3. The pandemic has provided an unanswerable justification for the authorities to ban demonstrations it doesn’t want even though these same powers that be approve public measures by those they do.
4. The coronavirus has shown just how much Russians distrust the powers, not so much in terms of their declared support for Putin and the regime as in terms of their willingness to accept what the regime says and do what it asks as in the case of getting vaccines.
5. The pandemic has isolated the rulers not just from the population but from the government.
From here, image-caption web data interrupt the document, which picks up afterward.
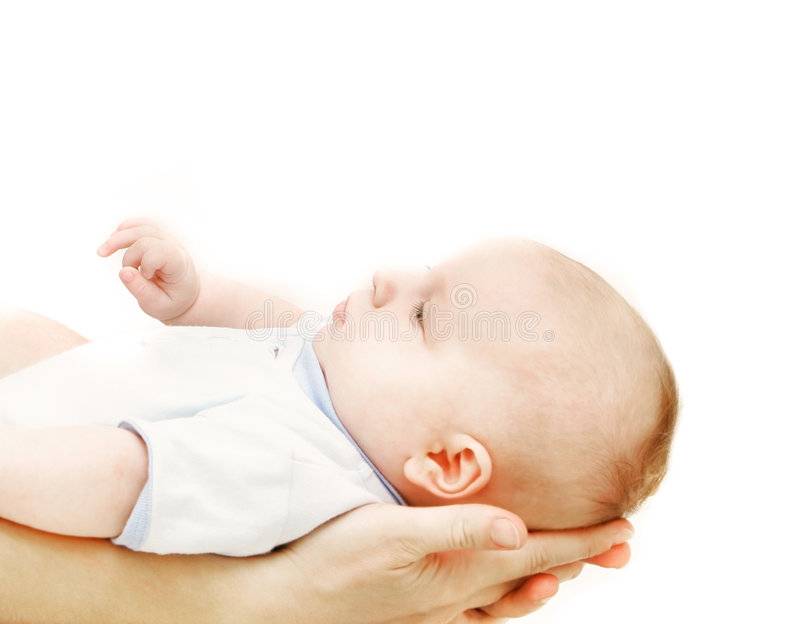 Когда заживает родничок у новорождённого? | nestle baby
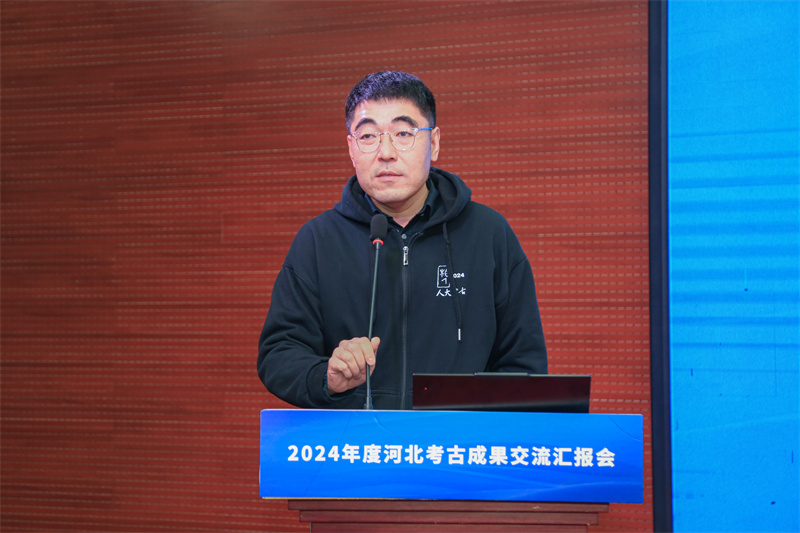 王子奇.jpg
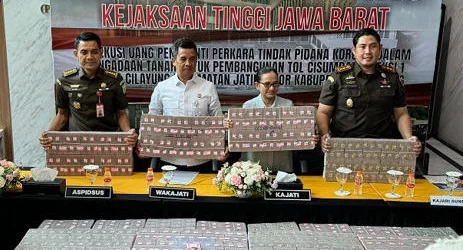 Kejati Jabar resmi melakukan eksekusi terhadap uang pengganti atas kasus tindak pidana korupsi di Tol Cisumdawu.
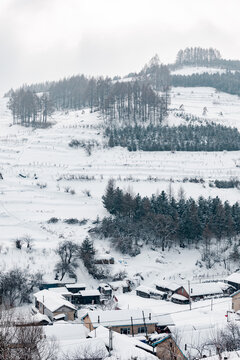 吉林松岭雪村冬季东北农村雪景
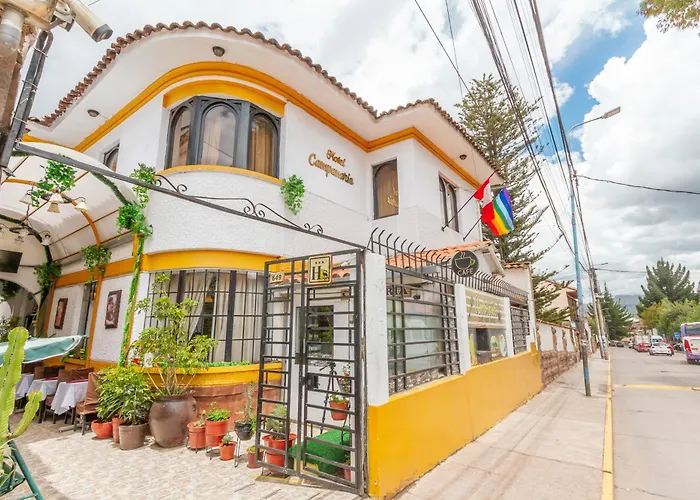 Hotel Campanario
Those who have to get to the president or prime minister – such as the siloviki – have benefited because others have been excluded from such contacts as health risk threats.
6. Because so many Russians have died from the pandemic, this trend has raised new questions about the price of life in Russia and about whether more or less should be done to save people now and in the future.
Russian health officials reported that they registered 8998 new cases of coronavirus infection and 427 new deaths over the last 24 hours as the pandemic continued to ebb and flow across the Russian Federation (t.me/COVID2019_official/2616 and regnum.ru/news/society/3210111.html).
Many places, including St. Petersburg, report that they are running out of the vaccine and won’t be able to provide shots to all who want them, even though Moscow officials continue to project that most of the country will achieve herd immunity by the fall as a result of the combination of more inoculations and infections (regnum.ru/news/3217915.html and regnum.ru/news/3217948.html).
In response to European requests for access to the Russian vaccine, Moscow officials have suggested that the EU countries first need to end their sanctions on the Russian Federation (regnum.ru/news/polit/3216884.html).
Meanwhile, in other pandemic-related developments in Russia today,
· Officials are urging Russians not to travel abroad during the May holidays lest they contract the virus but are already making plans for foreigners to come to Russia at precisely that time as part of a new campaign for vaccine tourism (regnum.ru/news/3218120.html and regnum.ru/news/3216918.html).
· The Accounting Chamber has documented that Russian medical personnel have not received millions of rubles in supplements the Kremlin promised them for their work in fighting the pandemic (regnum.ru/news/3216918.html).
· Officials in the Northern capital say that 5,000 policemen there and in the adjoining Leningrad Oblast have been infected with the coronavirus, while others report that the pandemic has claimed the lives of 26 staff members of the Hermitage Museum (fontanka.ru/2021/03/17/69816572/ and regnum.ru/news/3217577.html).